Am 12. Januar hatte der Obergefreite Karl Kleindopf seinen letzten Brief an seine Frau und seine Tochter abgesendet und berichtete über die Gegebenheiten vor Ort, aber auch über die Ungewissheit die Lieben wieder zu sehen.
Als letzte Zeile stand im Brief ein Namensvorschlag für den ungeboren Sohn: „Wie wäre es mit Friedemann?“

Ich denke, so Hausmann, mit diesem Vorschlag hatte der eigentlich lebensfrohe, musisch veranlagte Karl, der leidenschaftlich gerne Trompete und Akkordeon spielte, der allseits beliebt und hilfsbereit war, auch seiner Gemütslage im fernen und kalten Russland Ausdruck verliehen. „Friedemann“.

Elsbeth Dörr, die Tochter von Karl Kleindopf, hatte im Vorfeld beim Gespräch mit Olaf Hausmann erzählt, dass sie sich manchmal vorgestellt habe, wie es gewesen sei einen Vater zu haben.
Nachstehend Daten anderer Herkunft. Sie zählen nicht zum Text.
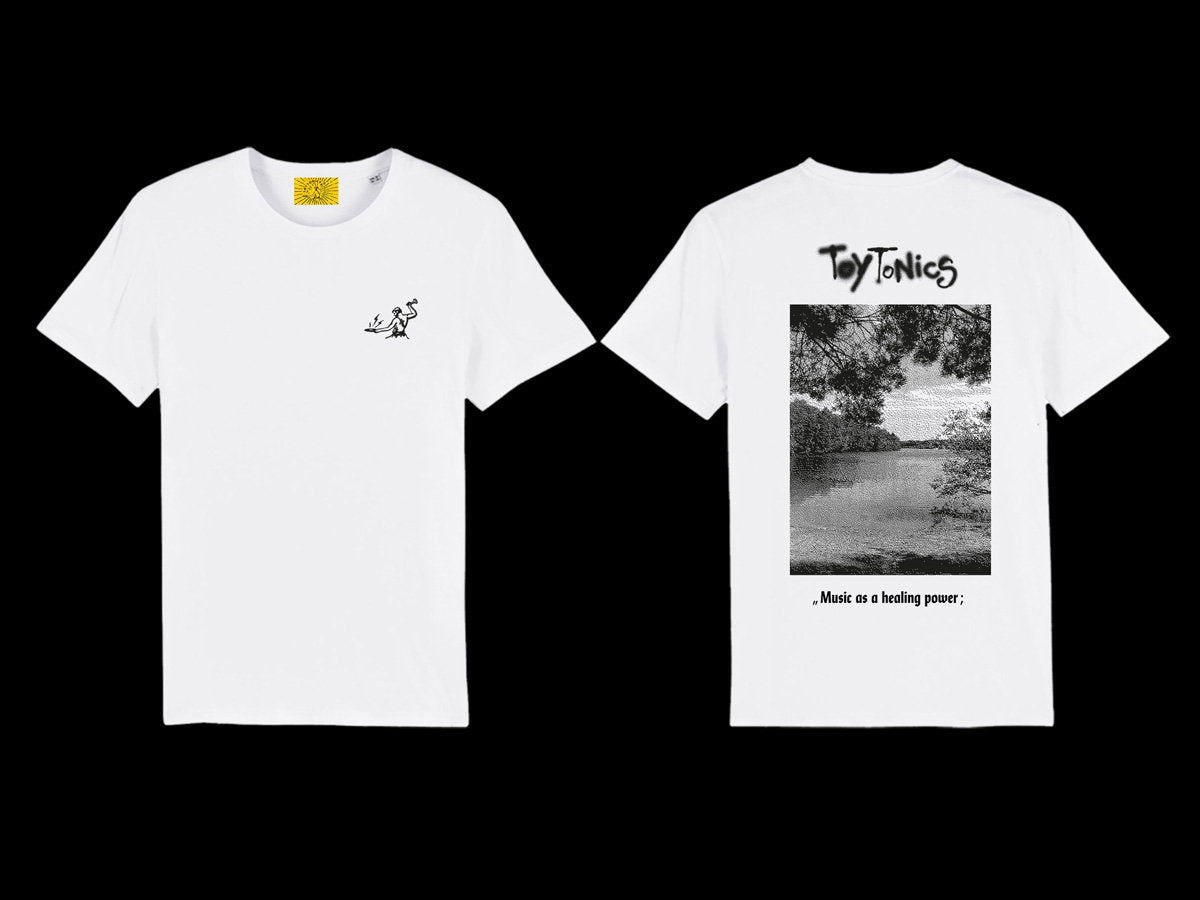 Toy Tonics Healing Shirt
Wenn, …ja wenn der Vater die Stelzen für die kleine Elsbeth gezimmert hätte und nicht der Opa. Wenn der Vater hätte erleben dürfen, wie Elsbeth ihre Schule und Ausbildung meistert. Wenn der Vater die Tochter zum Traualter geführt hätte, um ihren Mann Konrad Dörr, dessen Vater ebenfalls im Krieg gefallen war, zu heiraten. Wenn er seine drei Enkelkinder Uwe, Elke und Andreas kennengelernt hätte. Wenn er einfach da gewesen wäre, bei den kleinen und großen Gelegenheiten des Lebens. Und nicht verstorben wäre an einer Rauchvergiftung und Verbrennungen irgendwo in Russland…

Auch die Vorsitzende des VdK Ortsverbandes Kirchhain Ute Hausmann und Pfarrer Rainer Wilhelm machten die Wichtigkeit des Volkstrauertages deutlich. „Gerade in der heutigen Zeit ist der Volkstrauertag und das Gedenken an die vielen Kriegsopfer aktueller denn je“, so Wilhelm in seiner Ansprache.

Neben den Reden sprach die Schülerin der Alfred-Wegener-Schule Kirchhain Rosalie Ritterbusch. Für den musikalischen Rahmen sorgte der Evangelische Posaunenchor.

Bei der anschließenden Kranzniederlegung durch Bürgermeister Olaf Hausmann und Stadtverordnetenvorsteherin Helga Sitt stand die Reservistenkameradschaft mit Fackeln Spalier.